Australia recorded more than 11,000 new cases of COVID-19 for the first time on Tuesday amid concerns that almost 500 positive cases were circulating in the community for days after receiving false-negative test results.
As the federal government faces more calls to provide free rapid antigen tests, the Sydney pathology lab that prematurely told almost 1000 people that they had tested negative for COVID-19 confirmed on Tuesday that 486 had actually tested positive.
This was in addition to another group of more than 400 people infected with COVID-19 who were mistakenly told on Christmas Day that their result was negative.
SydPath apologised for the mistake and said it was due to a manual processing error.
“In order to contend with the major increase in volume of tests SydPath had recently moved from an automated system to a manual system to expedite the release of negative test results,” a spokesperson said.
“Unfortunately during this manual process a simple data processing error was made, which led to the wrong test results being released.
“We have reverted to our automated systems to ensure this type of error cannot happen again.”
Fear of undetected cases
It is feared the 486 undetected cases will have unwittingly spread the virus to other people after being told they had tested negative and did not need to isolate.
Case numbers in New South Wales dropped slightly from 6324 on Monday to 6062 on Tuesday.
But the state’s test positivity rate is tracking close to 6.5 per cent, up from 1.7 per cent a week ago.
Epidemiologists said this means the true number of cases will be much larger than the official number reported.
NSW Premier Dominic Perrottet continues to insist, however, the metric people should focus on is hospitalisations, which rose from 520 on Monday to 557 on Tuesday.
Mr Perrottet says the government is closely monitoring the state’s hospitals and will “tailor our settings where we need to”.
On December 23, surging case numbers forced the Premier to go against his commitment to “personal responsibility” by reimposing indoor mask mandates, compulsory QR code check-ins, and density limits on hospitality venues.
‘Tourism testing’ concerns
On Tuesday, he called on all state premiers to ease pressure on PCR testing clinics by allowing interstate travellers required to test negative before arrival to provide rapid antigen test results.
Hours earlier, Queensland removed the requirement for interstate arrivals to get tested on their fifth day in the state but kept in place the requirement for a pre-arrival test.
Queensland Health Minister Yvette D’Ath announced the change to the day five tests on Tuesday, telling tourists in line at testing centres across the state they could immediately walk away.
Of the tens of thousands of travellers who have crossed the Queensland border, only 0.6 per cent have recorded positive results in the day five tests, Ms D’Ath said.
The about-face on day five tests came after NSW Health Minister Brad Hazzard accused Queensland of “effectively perverting the purposes of pathology testing” as travellers clog up the already overwhelmed system.
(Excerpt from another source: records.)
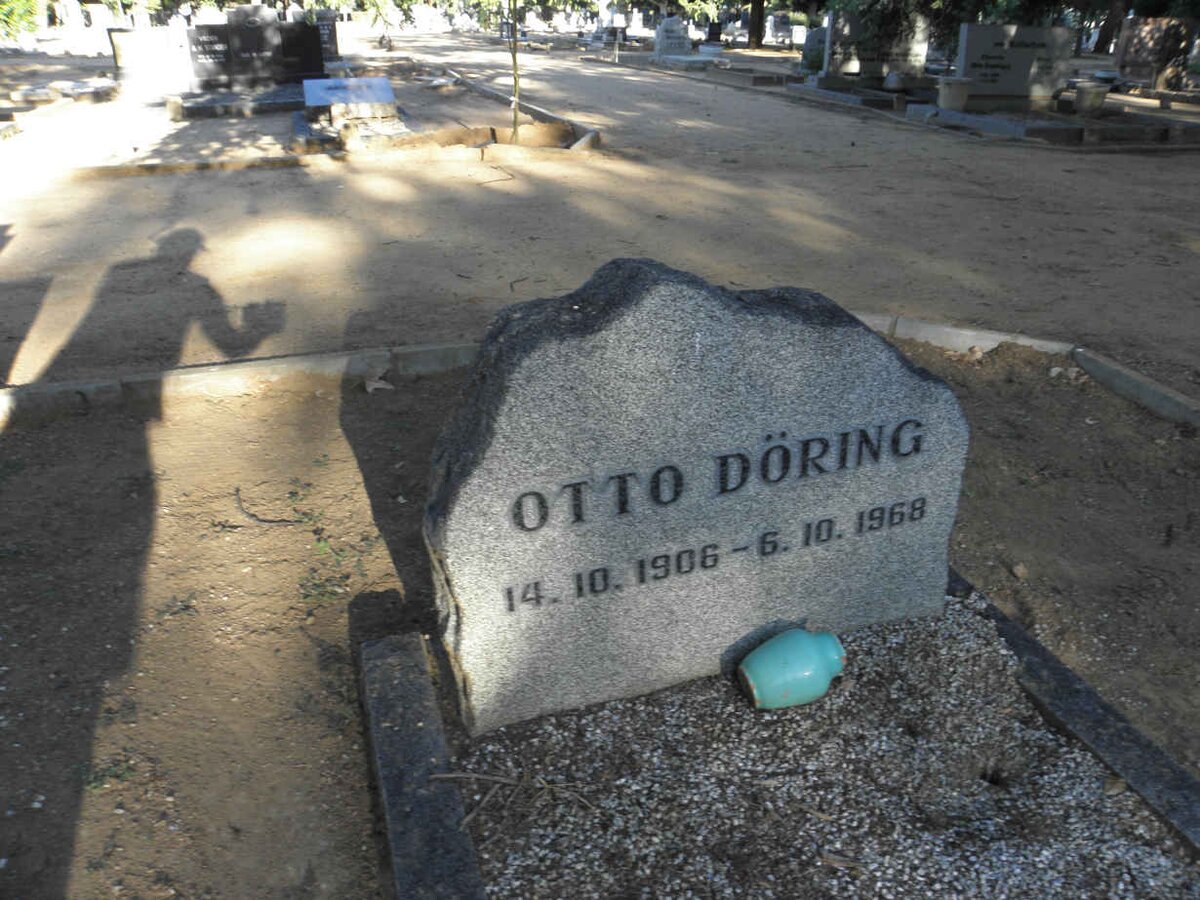 DÖRING Otto 1906-1968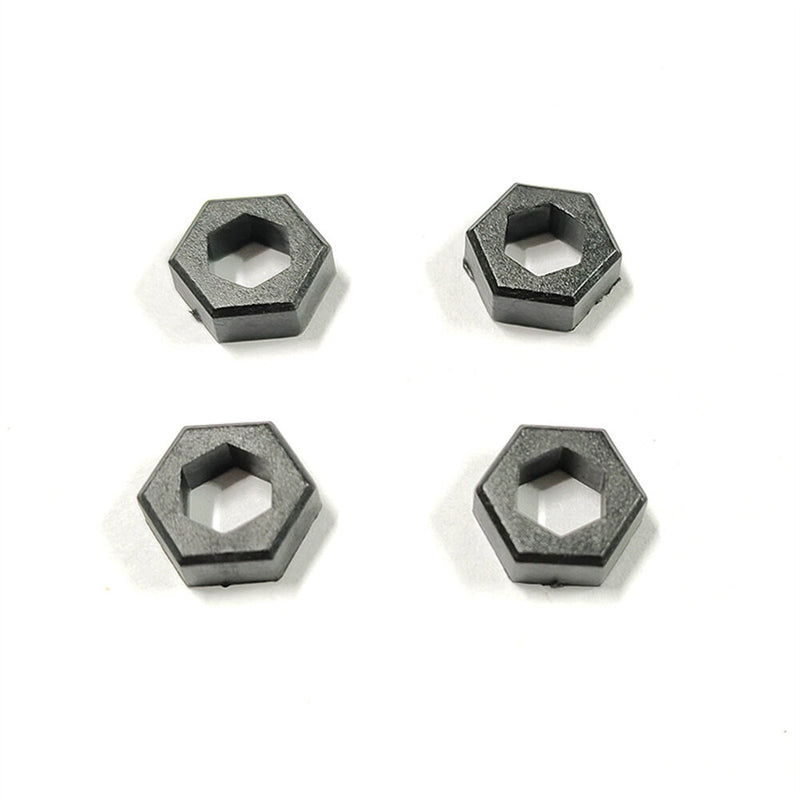 4PCS SG PINECONE FORSET 1612 WPL WP14 1/16 RC Car Parts Wheel Hex Adapter 1612-022 Vehicles Models Spare Accessories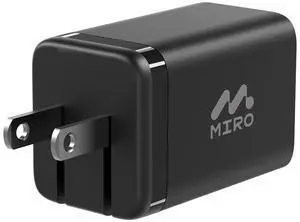 MIRO D2 GaN 1C1A 45W Wall Charger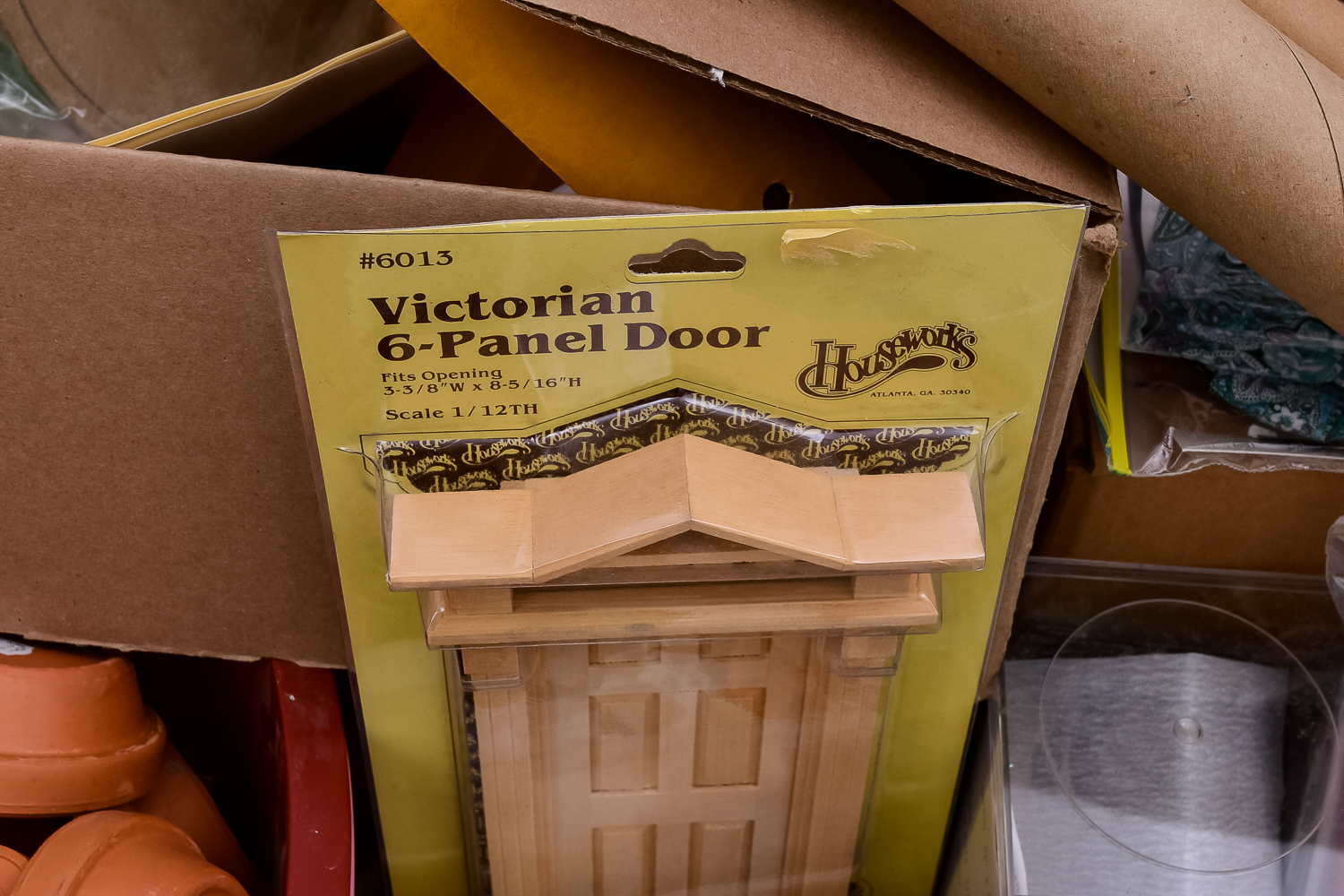 Miniature Craft Supplies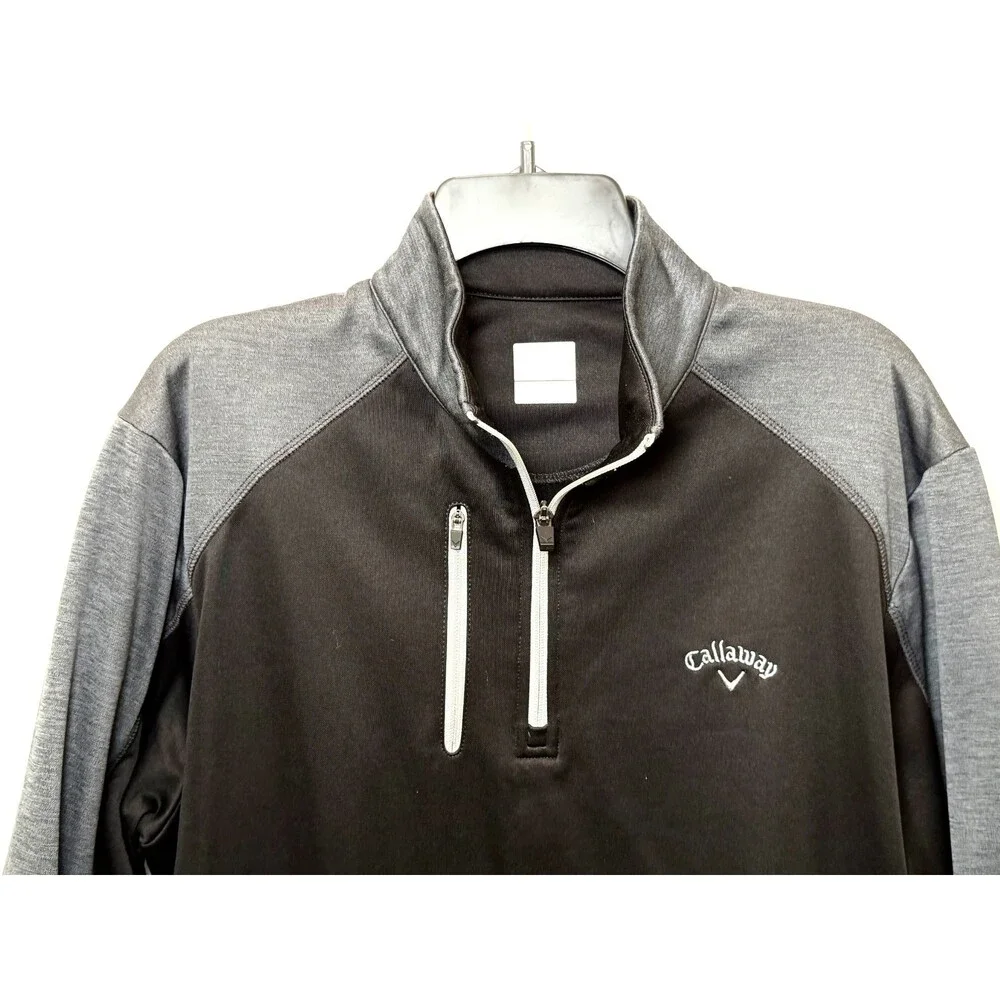 Callaway Men's Size M Quarter-Zip Performance Golf Pullover (Model SA4520)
Wait times in NSW have now blown out to the point that the test results are no longer relevant, Mr Hazzard said.
“They might have been negative on day one when they had their test, but they could well be positive on day four or day five when they cross the border,” he said.
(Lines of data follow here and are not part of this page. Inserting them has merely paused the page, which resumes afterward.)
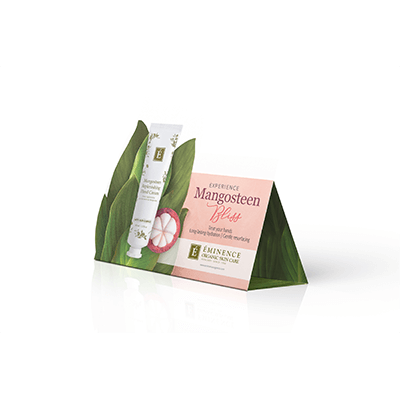 Hand Cream Display Card — Mangosteen Collectie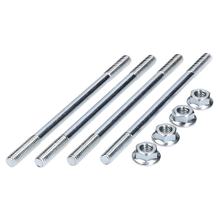 Stehbolzensatz Zylinder mit Muttern M6x107mm - je 4 Stück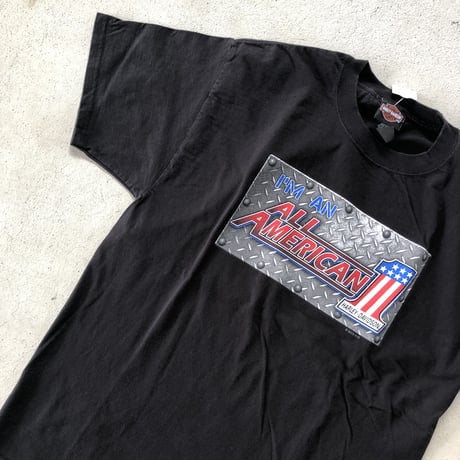 HARLEY DAVIDSON プリントTシャツ  L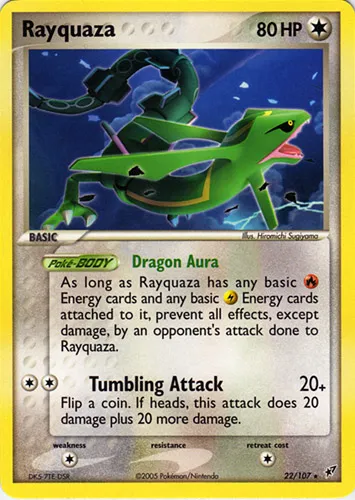 Rayquaza #094, Japanese PCG-P Promos Summer Battle Road
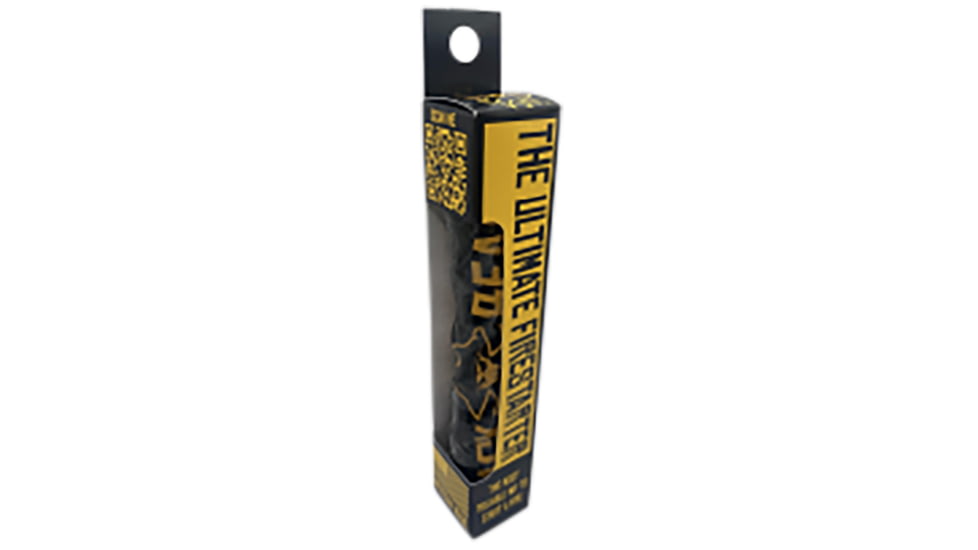 Black Beard Fire Starters SINGLE Fire Rope, Black, 173964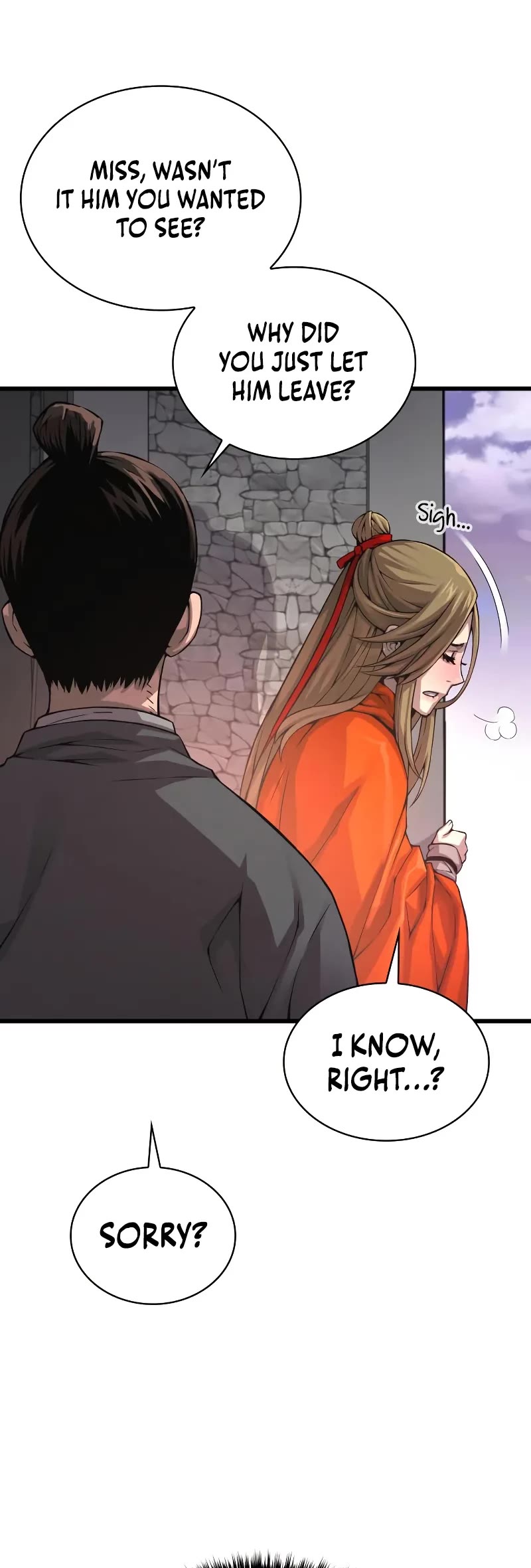 The Chaotic God of Extraordinary Strength chapter 92 page 10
ACT reopens testing centre
Meanwhile, the ACT had to reopen a fourth testing centre early to meet demand after three testing centres hit their initial capacity on Tuesday morning.
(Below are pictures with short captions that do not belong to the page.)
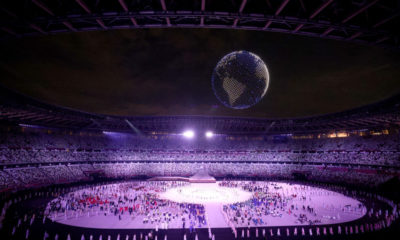 Apertura de los Juegos Olímpicos. Foto: Twitter @juegosolimpicos
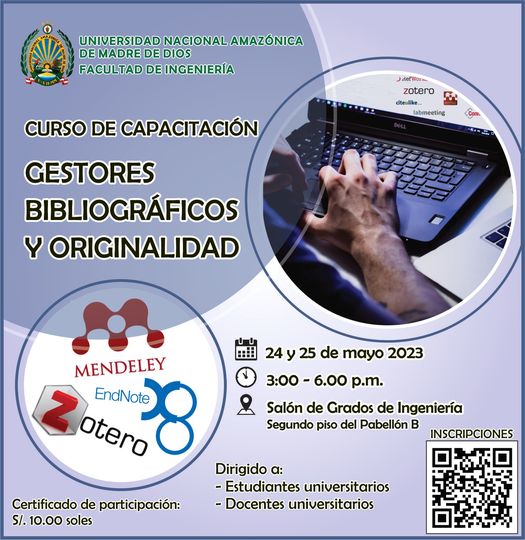GESTORES BIBLIOGRÁFICOS Y ORIGINALIDAD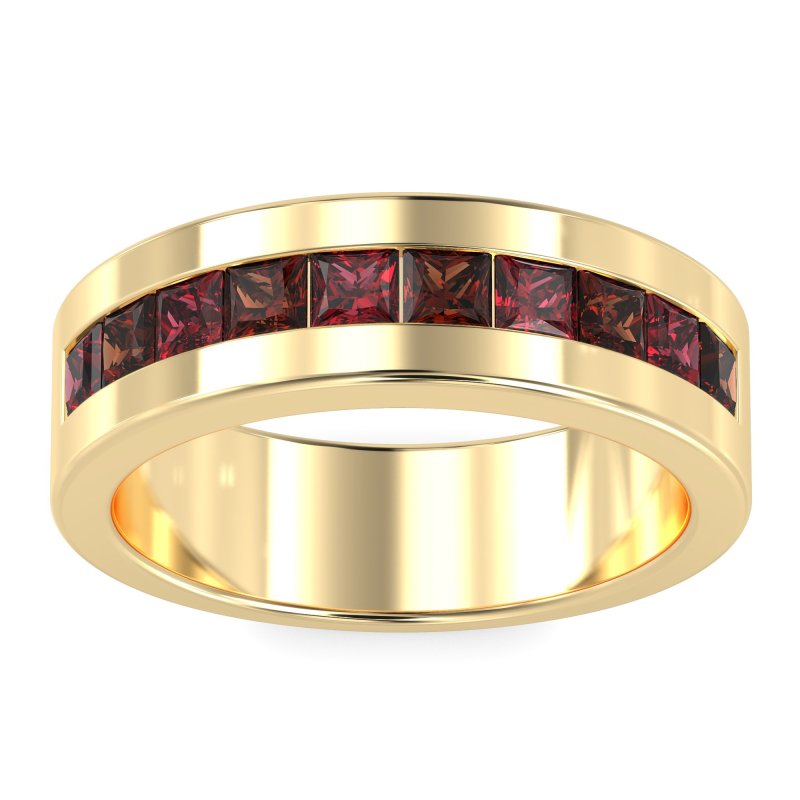 7mm Men's Princess Channel Band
ACT police were called to a number of incidents as frustrations boiled over in testing queues.
ACT Health Minister Rachel Stephen-Smith says anecdotal evidence from testing teams suggests about half of the swabs are for travel purposes.
One would-be traveller told AAP she was turned away from a Port Macquarie testing clinic when staff saw her Queensland number plates despite arriving before the clinic opened and queuing for an hour and a half.
Federal government mulling free RATs
Federal Treasurer Josh Frydenberg backed the use of rapid antigen tests for interstate travel to help ease queues and pressure at testing clinics.
“That’s a sensible balance recognising that people want some level of surety about their health status before they travel,” Mr Frydenberg told the ABC on Tuesday.
“But at the same time they want to avoid the long queues and long waiting times coming with the PCR tests.”
Mr Frydenberg said the government was “looking at its options” with regards to offering free rapid antigen tests, something NSW will do from next year.
Elsewhere on Tuesday, Victoria saw a sharp uptick in COVID-19 infections, with 2738 cases and four deaths reported.
Queensland case numbers surged past 1000 for the first time, with 1158 reported.
South Australia hit a new daily record of 995 infections; ACT reported 252; Tasmania, 43; Western Australia, three (overseas); and the Northern Territory, 16.